### TASK REQUIREMENTS
Without copying any picture, transcribe exactly the lines of the data below from the one containing "Su Majestad el" through the one containing "COCOPLUM SEC 1 - Residential".

### DATASET RECORDS
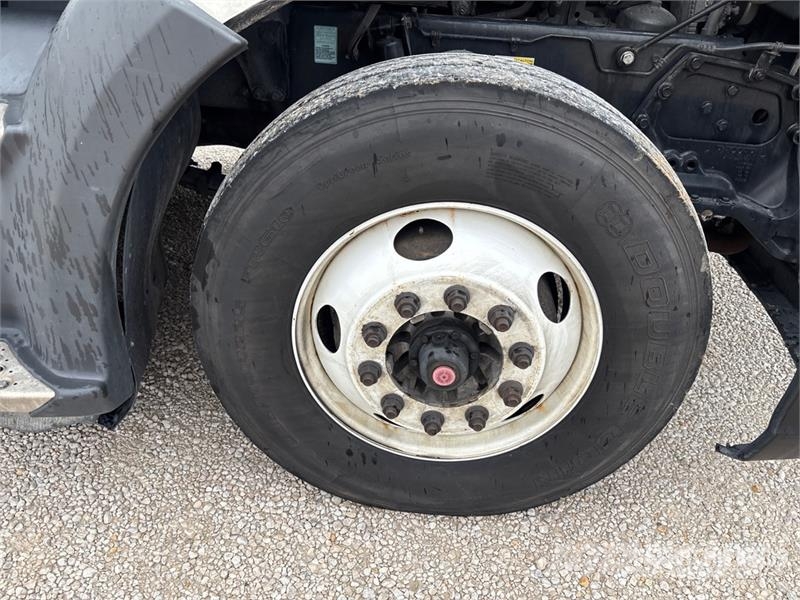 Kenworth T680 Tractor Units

* * *

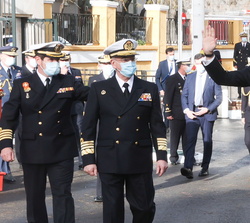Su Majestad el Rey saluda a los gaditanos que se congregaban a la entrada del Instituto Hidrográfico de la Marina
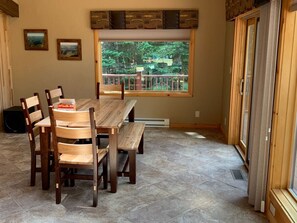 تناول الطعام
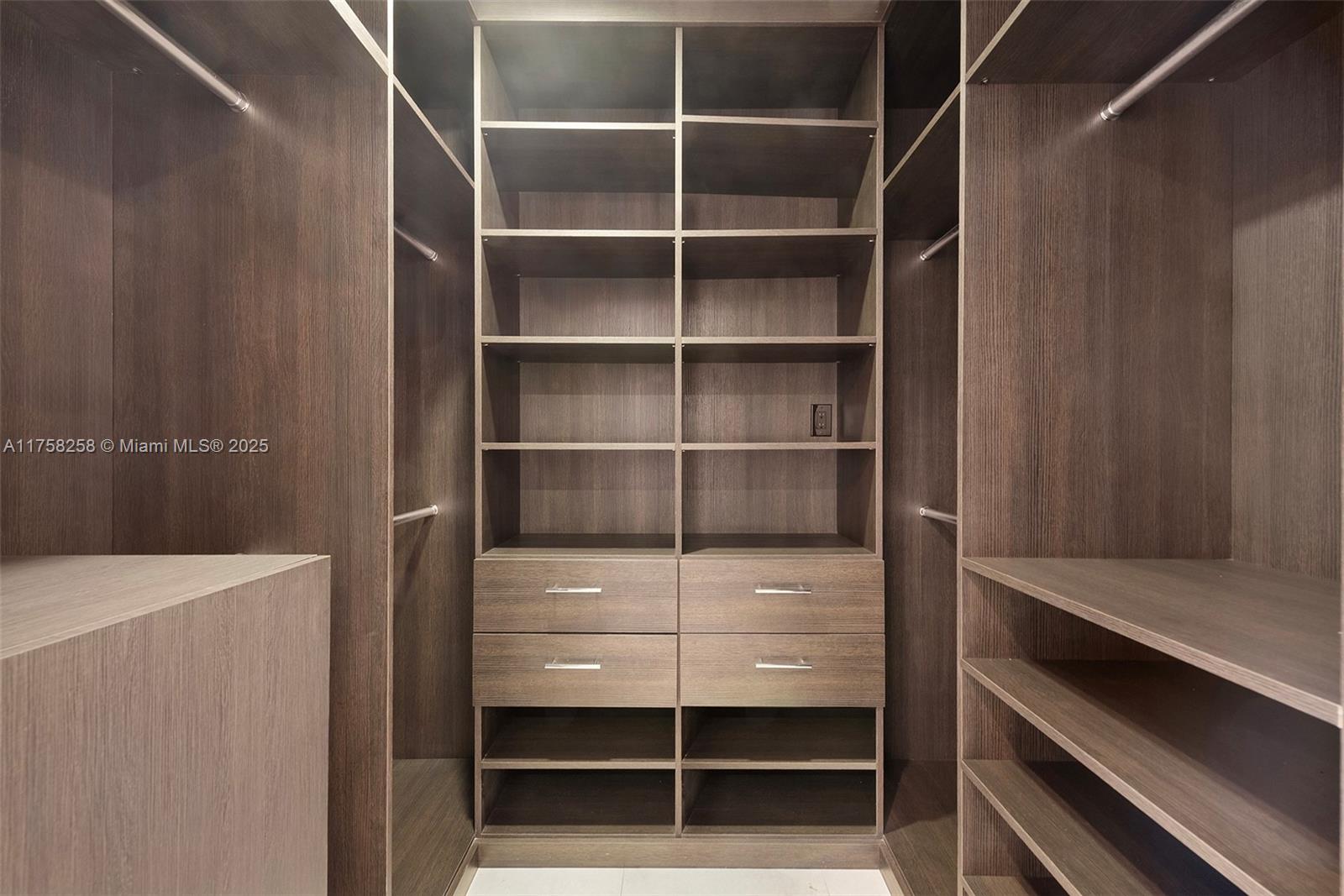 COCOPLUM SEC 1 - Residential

==

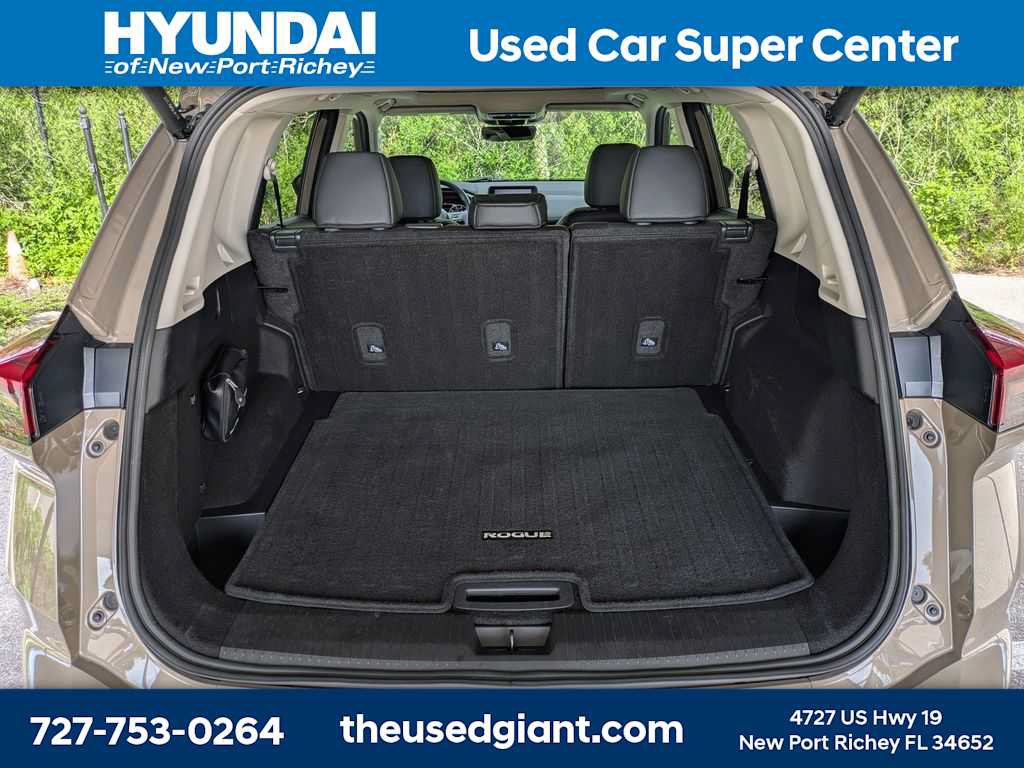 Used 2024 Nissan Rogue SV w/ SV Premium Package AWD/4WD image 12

### EXERCISE SOLUTION
Su Majestad el Rey saluda a los gaditanos que se congregaban a la entrada del Instituto Hidrográfico de la Marina
 تناول الطعام
 COCOPLUM SEC 1 - Residential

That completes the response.